Also, I’d be curious to get the suggestions of yourself and others here.
A lot of the prioritization work, even of, “Let’s just estimate a lot of things to get expected values.”
I would like to see more of this, and I would also like to see people be less uniformly critical of this sort of work. I’ve written a few things like this, and I inevitably get a few comments along the lines of, “This estimate isn’t actually accurate, you can’t know the true expected value, this research is a waste of time.” IME I get much more strongly negative comments when I write anything quantitative than when I don’t. But I might just be noticing that type of criticism more than other types.
Much better EA funding infrastructure, in part for long-term funding.
The rate of institutional value drift is something like 0.5%. Halving this would be extremely beneficial for anyone who wants to invest their money for future generations. It seems likely that if we put more effort into designing stable institutions, we could create EA investment funds that last for much longer.
The rate of individual value drift is even higher, something around 5%. That’s really bad. Is there anything we can do about it? Is bringing new people into the movement more important than improving retention?
Some other neglected problems (with some shameless references to my own writings):
I like GPI’s research agenda. Right now there are only about half a dozen people working on these problems.

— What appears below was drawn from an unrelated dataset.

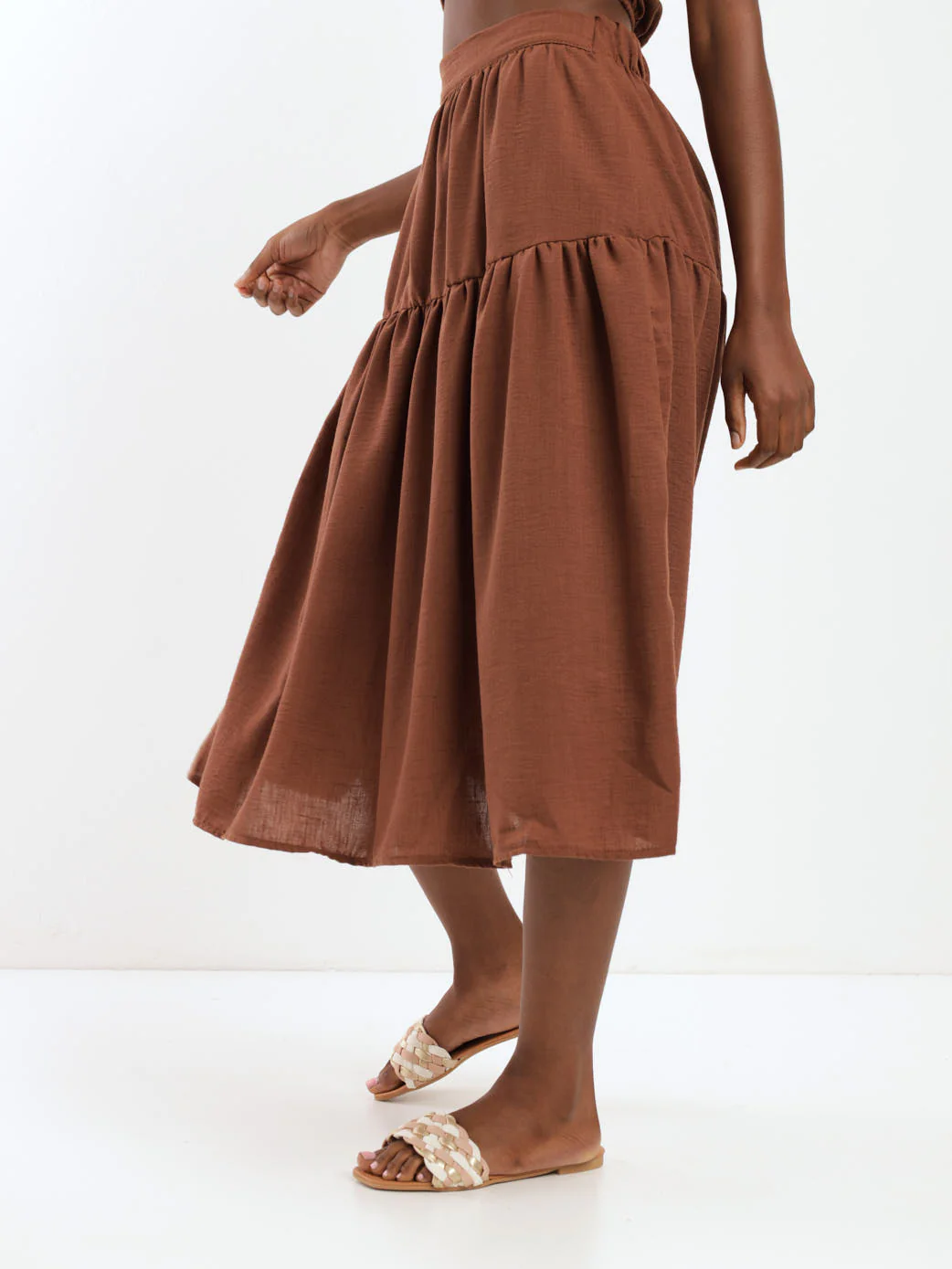 Tiered Midi Skirt - Brown - Image 5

What is the correct “philosophy of priors”? The choice of prior distribution heavily affects how we should behave in areas of high uncertainty. For example, see Will MacAskill’s post and the Toby Ord’s reply. (edit: see also this relevant post)
With a simple model, I calculated that improving our estimate of the discount rate could matter more than any particular cause. The rationale is that the we should spent our resources at some optimal rate, which is largely determined by the philanthropic discount rate. Moving our spending schedule slightly closer to the optimal rate substantially increases expected utility. This is just based on a simple model, but I’d like to see more work on this.
In the conclusion of the same essay, I gave a list of relevant ideas for potential top causes with my rough guesses on their importance/neglectedness/tractability. The ideas not mentioned so far are: improving the ability of individuals to delegate their income to value-stable institutions; and making expropriation and value drift less threatening by spreading altruistic funds more evenly across actors and countries.
IMO there are some relatively straightforward ways that EAs could invest better, which I wrote about here. Improving EAs’ investments could be pretty valuable, especially for “give later”-leaning EAs.
Reducing the long-term probability of extinction, rather than just the probability over the next few decades. (I’m currently writing something about this.)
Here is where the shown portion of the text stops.